**Input**.
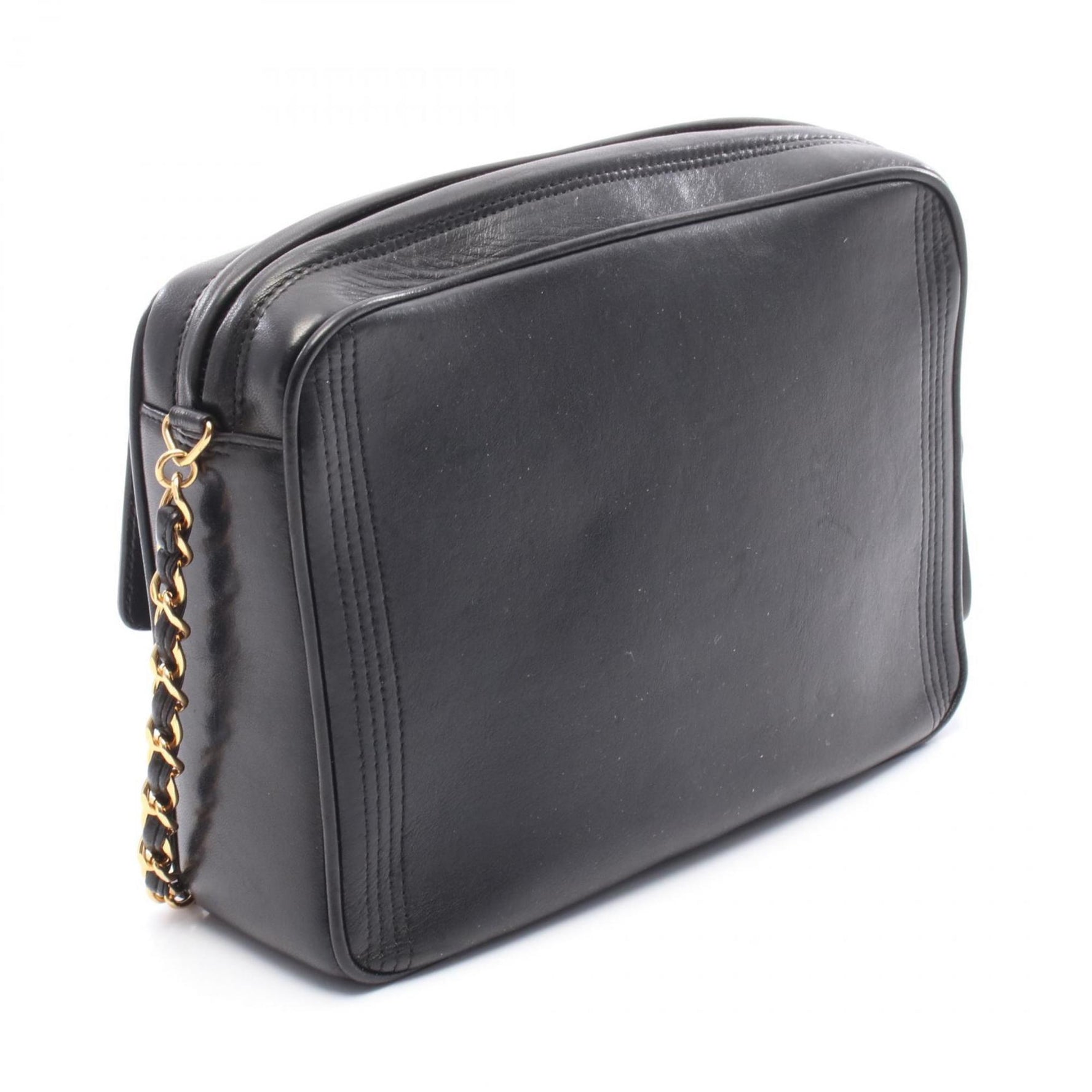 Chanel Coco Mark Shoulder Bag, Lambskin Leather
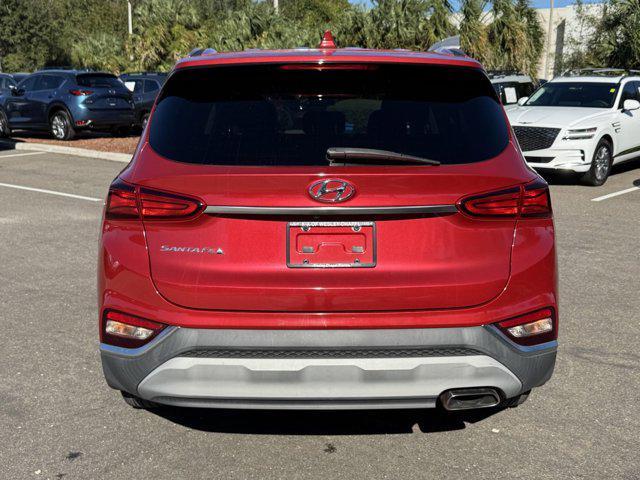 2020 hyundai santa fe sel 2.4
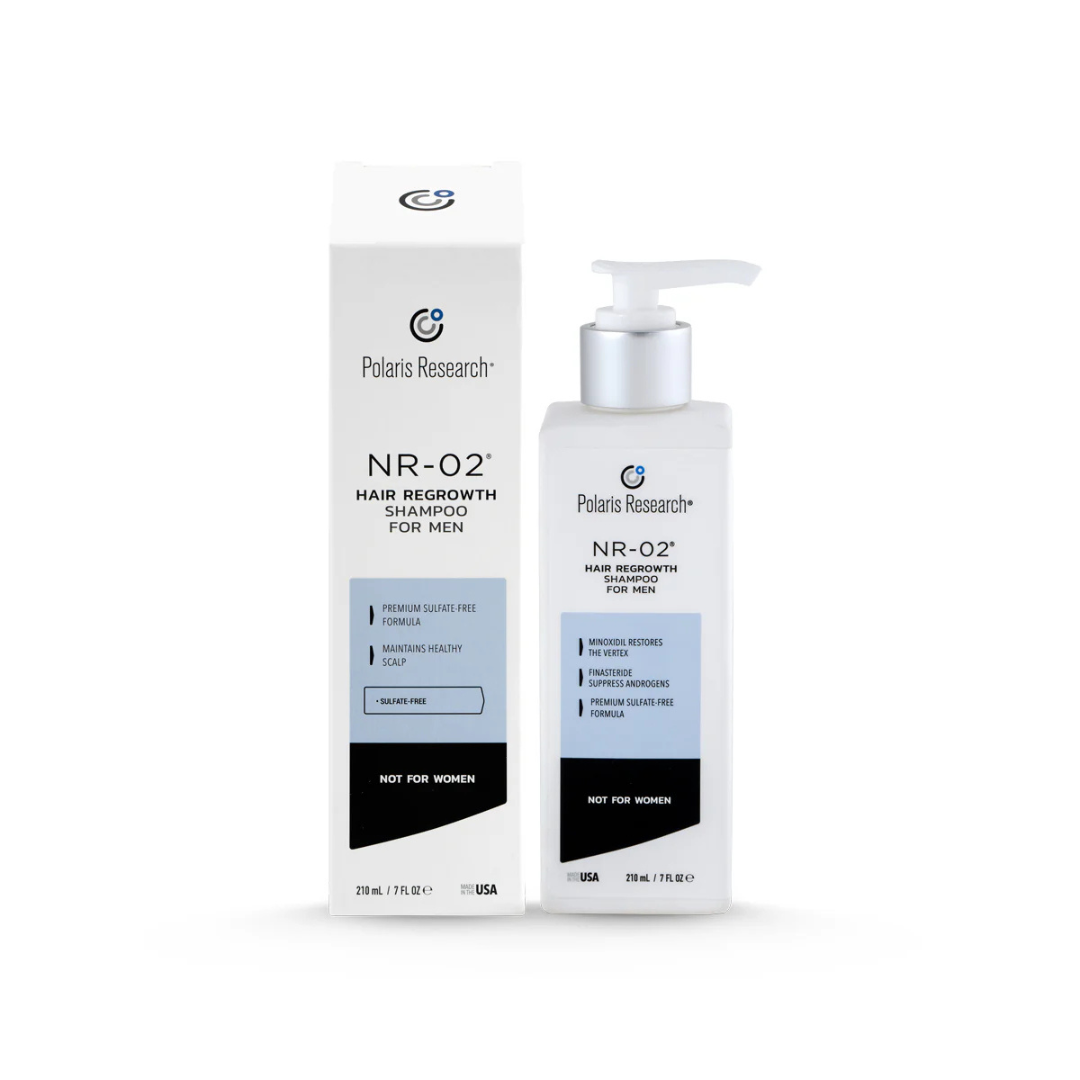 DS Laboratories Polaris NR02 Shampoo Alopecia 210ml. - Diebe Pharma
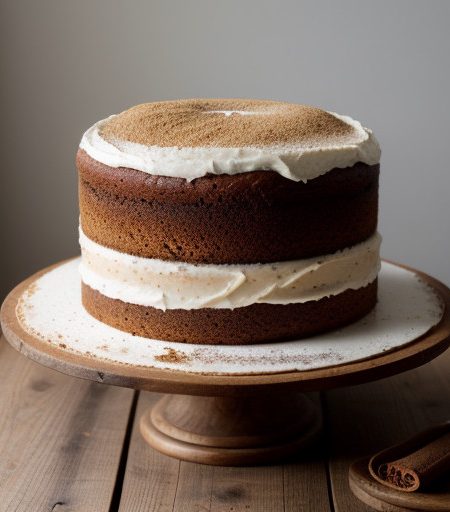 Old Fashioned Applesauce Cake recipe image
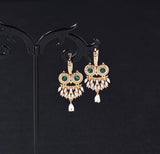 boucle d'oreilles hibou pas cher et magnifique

**What to work on**. Give again the lines from the line that contains "Old Fashioned Applesauce Cake recipe image" through the last line of the material above, exactly and with both ends included. Omit the pictures.

**Answer below**.
 Old Fashioned Applesauce Cake recipe image
 boucle d'oreilles hibou pas cher et magnifique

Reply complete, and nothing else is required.